Se é para ter cassino, que seja como Las Vegas: trazendo turistas, movimentando cidades, gerando trabalho, impostos e dividendos reais para o país.

E, de preferência, operado pelo poder público, como os jogos da Caixa Econômica Federal. Cassinos federais, regulados, com retorno social.

O que temos hoje é o pior dos mundos: empresas de tecnologia operando de fora, levando o dinheiro embora, deixando aqui o vício, o endividamento e o silêncio.

Não geram emprego.

Não geram renda local.

Não geram cuidado.

E o que mais choca é ver influenciadores milionários divulgando isso sem pudor. Gente que já tem dinheiro de sobra, que não precisa de mais nada, vendendo ilusão para quem está fragilizado. Neymar não deve precisar de mais um centavo, mas divulga essa putaria como se fosse entretenimento inocente.

Não é.

Isso é uma questão de saúde pública, soberania e educação.

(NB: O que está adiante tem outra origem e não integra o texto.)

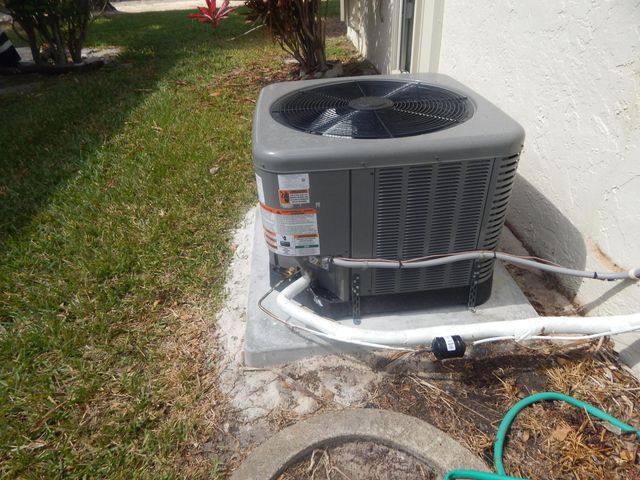 6229 Lakemont Circle, Greenacres, FL 33463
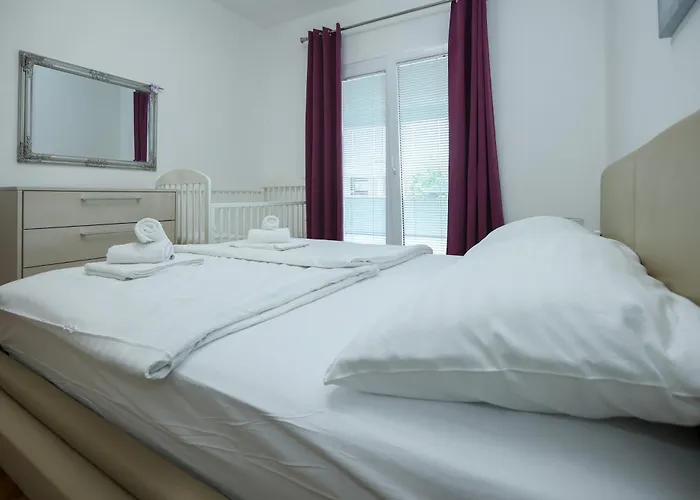 Rs Two Bedroom דירה *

O Brasil precisa educar, taxar e cuidar dos seus.

Precisa tratar o ambiente digital como território, porque é.

E território sem lei vira terra de ninguém.

Precisamos de uma bancada da tecnologia no Congresso Nacional que olhe para o digital com seriedade, que entenda que ali também se exerce poder, se explora gente e se drena riqueza. Defender o povo hoje passa, necessariamente, por defender a soberania digital.

A estrada mostra o que o discurso esconde.

E o ônibus é um retrato cruel do país que deixamos rodar sem proteção.